MatthewRalston commented 4 months ago

Is this where I migrate plans from issue to milestone and/or documentation by modifying obj in comments and then official planning checkmarks?

NEXT:

First block could be '\n' deltimited rows. count vec (n1) and index (n2==n1) [n2 is the 4**k dimensional 1-tuple/vector) Second block could be delimited with uWu. edge 2-tuple vector/array (n1) and weight (n2) np.array [n1 is the number of possible edges (WOOF), n2 driver variable may be --sparse or (default: --)inclusive. Inclusive makes the full matrix (don't want) in flattened form and then compressed. Sparse storage may make the n2 more reasonable, but the adjacency structure in unstructured form may make indexing worse.

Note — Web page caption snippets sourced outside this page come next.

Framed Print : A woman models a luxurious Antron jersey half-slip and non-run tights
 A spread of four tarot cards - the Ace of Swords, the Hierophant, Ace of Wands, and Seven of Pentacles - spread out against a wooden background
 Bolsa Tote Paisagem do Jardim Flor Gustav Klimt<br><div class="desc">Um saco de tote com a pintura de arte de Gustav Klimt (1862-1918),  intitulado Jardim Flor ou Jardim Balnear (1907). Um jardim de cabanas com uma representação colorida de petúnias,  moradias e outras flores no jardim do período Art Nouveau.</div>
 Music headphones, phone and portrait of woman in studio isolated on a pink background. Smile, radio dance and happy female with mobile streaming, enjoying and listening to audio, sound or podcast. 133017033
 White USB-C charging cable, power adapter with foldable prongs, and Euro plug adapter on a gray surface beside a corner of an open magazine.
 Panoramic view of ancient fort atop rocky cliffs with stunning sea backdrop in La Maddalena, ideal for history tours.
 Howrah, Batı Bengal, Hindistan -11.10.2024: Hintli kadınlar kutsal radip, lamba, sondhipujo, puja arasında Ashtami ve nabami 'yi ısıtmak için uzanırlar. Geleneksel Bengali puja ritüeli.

If the algorithm for accessing index rapidly is written in Python (or Cython), then accessing the index table(.kdbgi) should be trivial. If this feature is developed more, an in-memory solver may be next. If the --sparse option is developed. Third block also closed with uwu.

Just remove the edges where weight=0

Human readability

MatthewRalston commented 3 months ago

122 #123 #124 #125 #126

Neighbor construction working out well. A dictionary of dictionaries is being used to focus on local "neighbor" space only: i.e. the 8 adjacent kmers to any id.

This has been spun off in a utility function in kmer.py.

Adding some more documentation to the kmerdb.graph module as it prototypes most of what is required to write and read (some validations) .kdbg files.

Edge list and data structure still in planning.